The traditional source of truth for applications is DBMS(SQL/NoSQL) and they rely on ORMs which natively support searching, sorting, filtering, pagination and more. As technologies evolved, applications moved beyond DBs and started to rely on APIs(typically REST endpoints) of other SaaS application. We all know the brighter side of SaaS offering but quite often these offering comes with numerous pitfalls, being:
Metered/usage based pricing - Most SaaS services are priced based on usage. To cut cost, engineers typically delay usage of such offerings to the right side stages of SDLC, leading to lose of such benefits during the early stage testing.
Vanilla implementations - As the complexity and requirements of today’s applications differ from each other, SaaS providers stick to vanilla API implementations and only based on the usage and requirements they implement features like searching, sorting, filtering, pagination that are commonly available in most ORM.
Additional/Competitive offerings - Another common observation that we’re seeing in modern applications is that instead of relying on one datasource they need to consider multiple sources to aggregate and consolidate the data. On the other hand, when there is an alternate system offering better features, it should be easy to switch to a new source because of business demands.
To overcome these pitfalls, developers are adopting intuitive, and at certain instances, old school approaches to tackle problems of this kind.

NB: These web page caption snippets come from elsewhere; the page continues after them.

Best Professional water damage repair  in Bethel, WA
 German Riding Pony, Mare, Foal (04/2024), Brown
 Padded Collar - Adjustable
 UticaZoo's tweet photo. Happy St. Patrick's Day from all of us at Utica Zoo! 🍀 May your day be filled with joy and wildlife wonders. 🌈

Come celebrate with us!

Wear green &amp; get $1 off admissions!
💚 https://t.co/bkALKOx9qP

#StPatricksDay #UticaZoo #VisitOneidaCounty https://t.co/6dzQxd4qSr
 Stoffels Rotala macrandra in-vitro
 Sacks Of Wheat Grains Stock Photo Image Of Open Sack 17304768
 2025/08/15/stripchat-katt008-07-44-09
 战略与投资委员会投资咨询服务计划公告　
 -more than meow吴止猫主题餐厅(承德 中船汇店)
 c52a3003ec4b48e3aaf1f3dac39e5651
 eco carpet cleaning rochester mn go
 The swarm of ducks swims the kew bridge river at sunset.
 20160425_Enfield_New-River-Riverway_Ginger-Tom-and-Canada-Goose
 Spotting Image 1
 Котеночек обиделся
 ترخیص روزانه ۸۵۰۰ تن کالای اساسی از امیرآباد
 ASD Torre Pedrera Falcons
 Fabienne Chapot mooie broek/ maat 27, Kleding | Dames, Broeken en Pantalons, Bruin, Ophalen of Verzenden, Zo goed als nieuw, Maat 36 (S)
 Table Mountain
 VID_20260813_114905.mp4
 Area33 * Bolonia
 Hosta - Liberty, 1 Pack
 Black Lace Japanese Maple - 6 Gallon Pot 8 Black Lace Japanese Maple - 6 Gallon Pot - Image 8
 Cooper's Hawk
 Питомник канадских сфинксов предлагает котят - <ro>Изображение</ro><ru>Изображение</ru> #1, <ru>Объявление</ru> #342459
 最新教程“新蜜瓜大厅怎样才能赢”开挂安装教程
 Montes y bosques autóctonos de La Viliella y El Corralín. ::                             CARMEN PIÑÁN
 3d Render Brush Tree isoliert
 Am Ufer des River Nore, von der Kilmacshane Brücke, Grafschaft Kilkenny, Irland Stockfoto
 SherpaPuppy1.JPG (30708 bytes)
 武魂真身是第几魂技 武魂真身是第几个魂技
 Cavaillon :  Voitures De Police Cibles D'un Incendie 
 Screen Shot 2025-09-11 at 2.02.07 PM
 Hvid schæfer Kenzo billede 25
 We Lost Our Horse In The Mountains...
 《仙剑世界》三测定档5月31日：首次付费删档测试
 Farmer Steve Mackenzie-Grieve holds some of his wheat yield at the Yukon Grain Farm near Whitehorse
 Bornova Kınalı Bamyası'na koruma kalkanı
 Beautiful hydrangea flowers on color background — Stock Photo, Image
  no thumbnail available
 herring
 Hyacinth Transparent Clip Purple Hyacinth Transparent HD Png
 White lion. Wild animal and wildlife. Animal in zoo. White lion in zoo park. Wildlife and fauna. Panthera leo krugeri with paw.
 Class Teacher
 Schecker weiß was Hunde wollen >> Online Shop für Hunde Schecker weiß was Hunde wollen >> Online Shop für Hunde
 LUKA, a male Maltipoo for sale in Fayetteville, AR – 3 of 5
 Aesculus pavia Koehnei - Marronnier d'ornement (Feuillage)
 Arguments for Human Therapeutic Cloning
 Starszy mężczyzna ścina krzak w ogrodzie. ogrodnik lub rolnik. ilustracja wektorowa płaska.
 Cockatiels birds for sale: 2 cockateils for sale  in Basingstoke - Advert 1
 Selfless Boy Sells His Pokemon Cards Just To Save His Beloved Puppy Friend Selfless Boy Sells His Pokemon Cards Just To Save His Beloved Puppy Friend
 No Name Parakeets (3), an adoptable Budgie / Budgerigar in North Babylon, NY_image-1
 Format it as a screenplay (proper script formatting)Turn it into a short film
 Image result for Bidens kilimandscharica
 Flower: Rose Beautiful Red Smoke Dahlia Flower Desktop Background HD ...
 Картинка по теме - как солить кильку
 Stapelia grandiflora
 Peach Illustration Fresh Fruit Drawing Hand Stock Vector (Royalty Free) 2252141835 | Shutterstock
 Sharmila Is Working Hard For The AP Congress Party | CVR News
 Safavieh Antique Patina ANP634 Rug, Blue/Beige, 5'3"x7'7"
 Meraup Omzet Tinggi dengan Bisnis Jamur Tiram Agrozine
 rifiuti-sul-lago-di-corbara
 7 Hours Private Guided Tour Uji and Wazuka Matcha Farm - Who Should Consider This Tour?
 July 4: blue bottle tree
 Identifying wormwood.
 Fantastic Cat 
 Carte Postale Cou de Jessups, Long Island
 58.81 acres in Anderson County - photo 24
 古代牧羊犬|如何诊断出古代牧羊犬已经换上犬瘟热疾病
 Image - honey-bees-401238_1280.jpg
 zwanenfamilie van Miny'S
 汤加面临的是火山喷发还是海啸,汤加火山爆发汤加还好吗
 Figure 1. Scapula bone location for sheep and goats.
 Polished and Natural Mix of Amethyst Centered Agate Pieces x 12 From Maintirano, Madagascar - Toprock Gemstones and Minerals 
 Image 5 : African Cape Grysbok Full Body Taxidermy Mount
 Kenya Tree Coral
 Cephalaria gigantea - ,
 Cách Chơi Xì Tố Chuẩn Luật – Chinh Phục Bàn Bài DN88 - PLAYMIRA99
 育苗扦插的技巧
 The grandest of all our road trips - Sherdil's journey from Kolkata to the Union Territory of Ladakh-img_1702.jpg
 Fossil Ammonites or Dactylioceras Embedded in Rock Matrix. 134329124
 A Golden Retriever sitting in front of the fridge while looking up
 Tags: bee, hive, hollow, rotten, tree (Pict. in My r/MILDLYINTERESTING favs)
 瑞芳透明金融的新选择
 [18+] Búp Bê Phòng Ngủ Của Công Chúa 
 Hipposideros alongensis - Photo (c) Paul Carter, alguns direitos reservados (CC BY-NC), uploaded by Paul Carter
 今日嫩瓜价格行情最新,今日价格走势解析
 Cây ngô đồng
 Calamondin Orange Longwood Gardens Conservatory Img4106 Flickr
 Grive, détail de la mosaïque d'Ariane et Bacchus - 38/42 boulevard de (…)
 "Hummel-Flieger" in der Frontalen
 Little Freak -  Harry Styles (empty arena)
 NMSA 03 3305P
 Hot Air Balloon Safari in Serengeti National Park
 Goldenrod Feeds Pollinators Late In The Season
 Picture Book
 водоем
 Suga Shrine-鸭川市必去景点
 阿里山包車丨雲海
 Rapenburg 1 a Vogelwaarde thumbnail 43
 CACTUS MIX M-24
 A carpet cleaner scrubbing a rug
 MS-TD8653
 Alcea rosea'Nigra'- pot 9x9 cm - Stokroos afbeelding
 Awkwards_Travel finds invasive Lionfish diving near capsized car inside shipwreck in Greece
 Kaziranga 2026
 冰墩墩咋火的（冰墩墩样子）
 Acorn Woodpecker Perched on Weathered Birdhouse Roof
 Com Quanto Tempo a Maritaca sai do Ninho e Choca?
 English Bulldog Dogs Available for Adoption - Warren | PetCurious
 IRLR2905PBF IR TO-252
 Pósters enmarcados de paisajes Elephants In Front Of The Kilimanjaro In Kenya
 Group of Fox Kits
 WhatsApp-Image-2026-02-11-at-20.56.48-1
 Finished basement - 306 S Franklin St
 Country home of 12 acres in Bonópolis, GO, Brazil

Either way, one needs to spend time building features that are readily available in ORMs. We ourselves have come across similar situations more than a couple of times and decided to devote our time in solving this problem by building a library and open source it.
TechConative built an open source library inmemory-posf and published it, inmemory-posf would save developer effort and time, allowing them to concentrate on building modern, feature-rich applications.
By now you would have guessed the primary features for this library are searching, ordering, filtering, and of-course pagination, part of the obvious features that’s been highlighted in the problem statement.
Some more features of this library:
Let’s assume you have a social media as your datasource with the following json as response.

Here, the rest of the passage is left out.